Si Howard est élogieux sur les prisons françaises, c'est d'une part qu'il n'y a pas vraiment passé beaucoup de temps, car, dans les faits, les prisons sont en général "microscopiques" et "le plus souvent dans un état lamentable (...) Ainsi, à Amiens, le Beffroi (prison municipale) et la Conciergerie (prison royale) sont des prisons bien entretenues cependant que les prisons lilloises ( prison royale de la Tour Saint-Pierre et prison municipale du « Petit Hôtel ») souffrent d’un manque d’entretien et d’une surpopulation endémiques" (Carlier, 2009). D'autre part, il connaît surtout les prisons parisiennes, celles que Malesherbes a particulièrement contribué à améliorer les conditions carcérales. En effet, pendant la période où il est ministre et secrétaire d'Etat à la Maison du roi, Chrétien-Guillaume de Lamoignon de Malesherbes (1721-1794) estime que la prison, de par les souffrances qu'elle inflige, est "souvent plus cruelle que la mort lorsque la détention est très longue." (in Reynaud-Bertrand, 2016). Désirant que la prison cesse d'être un "mouroir", il généralise le "pain du Roi", aux frais de la Couronne depuis le décret du 23 janvier 1662, dont la ration quotidienne légale est de 750 g pour les hommes et 720 g pour les femmes en plus de l'eau. Il aménage la prison royale modèle de la Force, dans l’ancien hôtel du duc de la Force, dans "laquelle les prisonniers sont séparés par sexe, par âge et par catégorie pénale." (Carlier, 2009). Les idées philanthropiques et hygiénistes pénètrent le domaine carcéral et apportent des progrès (relatifs : faute de moyens beaucoup de prisons n'en bénéficient pas) sur l'aération, la luminosité, l'approvisionnement d'eau des prisons. Ajoutons, en passant, que Malesherbes, au-delà de la sphère carcérale, s'est préoccupé des discriminations raciales, comme celle des Roms :
"L'édit de 1666 annonçait déjà une justice sans appel confiée aux affaires de police. Cet édit contient même une disposition dont je ne peux parler sans me récrier contre sa barbarie, celle qui ordonne de juger et de condamner sans forme ni figure de procédé une malheureuse race d'hommes alors répandus en France qu'on nommait bohémiens ou Egyptiens (...) on ne leur faisait de reproche que celui d'être une race détestée sans savoir pourquoi, et malheureusement, ils portent sur leur visage une teinte basanée qui ne leur permet pas de dissimuler leur origine (...) On dit que ces Bohémiens sont voleurs, je le crois aisément. Le vol est pour eux le seul moyen de subsister, parce que personne ne veut les employer aux ouvrages par lesquels les pauvres gagnent leur vie. La nécessité de vivre les force à voler, comme les oiseaux de proie à manger les gibiers."

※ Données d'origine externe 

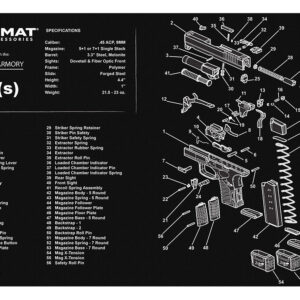 TekMat TEKR17XDS Springfield XDs 11×17 Cleaning Mat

Malesherbes, Mémoire sur les ordres du Roi, 1789, archives du château de Rosanbo, Fonds Lamoignon, 263, AP, carton 12, dossier 1 et 2.
Plus concrètement, Malesherbes s'est penché sur le problème des lettres de cachet (qui seront abolies par décret le 16 mars 1790), dont il voulait supprimer l'usage abusif mais pas le principe (Quétel, 1981). Avant lui, les critiques avaient déjà plu, sous la plume, en particulier, de Mirabeau ("Des Lettres de cachet et des Prisons d'état", ouvrage posthume, Hambourg, 1782), de Mably (Des droits et des devoirs du citoyen, cf Critique sociale...) ou encore de Voltaire, victime par deux fois des lettres de cachet, mais qui "n'a pas hésité à utiliser cet instrument pour ses propres intérêts, fort mesquins en l'occurrence" (Quétel, 2011). Estampillées "Au nom du Roi", ces lettres pouvaient ordonner l'incarcération, l'exil mais aussi l'internement d'individus, sans jugement, sans motif et sans limitation de temps (André, 2013). En fait, le roi ignorait le plus souvent tout de ces très nombreuses lettres exécutées par sa prétendue volonté, car il avait délégué ce pouvoir à un certain nombre d'"estampilleurs" de son administration (cf. Sébastien Mercier, Tableau de Paris, Tome VII, Chapitre DLXXXVIII, Lettres de cachet, 1783).
lettres de cachet : On en distingue deux types : la lettre de grand cachet, établie à l'initiative de l'autorité publique, et la lettre de petit cachet, qui accède à la requête des familles d'enfermer ou d'éloigner un de ses membres (cf. Gutton, 1991)
Tout comme Howard, ou un peu avant eux Cesare Beccaria (Traité des délits et des peines, 1764), qui se sont élevés tous deux contre la peine de mort, André Louis-Etienne Taranget (ou Taranger, 1752-1837), docteur et professeur royal à la faculté de médecine de Douai, critique fortement les conditions carcérales et regrette "la triste économie qui […] ne nous paraît pas avoir aussi bien calculé l’intérêt que tout homme a le droit d’inspirer, surtout quand il est malheureux." (Rapport Taranget, enquête du Comité de mendicité, 1790). Il considère la ration de pain insuffisante et humiliante (il demande d'y ajouter de la soupe deux fois par jour), s'étonne des toiles d'emballage qui font office de couverture (qu'il voudrait en laine), et les châlits à ras du sol humide le "révoltent" : "Pourquoi faut-il en assignant un lit même à un criminel lui dire que les hommes qui sont hors de cette enceinte et qui t’y retiennent ont jugé à propos que tu soies moins bien couché que le plus vil animal" (Rapport Taranget, op. cité). Taranget va bien au-delà de la compassion philanthropique, c'est à une remise en cause générale de l'institution qu'il appelle, qui passe par la prise en compte avant tout de la dignité humaine du prisonnier, dont les conditions de vie ne doivent pas seulement se rattacher au "droit de vivre et de vivre sain" mais qui sont une "dette, et cette dette est sacrée", envers l'humanité. Le médecin décrit en détail l'insuffisance de l'air et la privation de lumière dans les cachots : "nous ne connaissons pas de crime qui puisse ôter à l’homme vivant le droit de respirer."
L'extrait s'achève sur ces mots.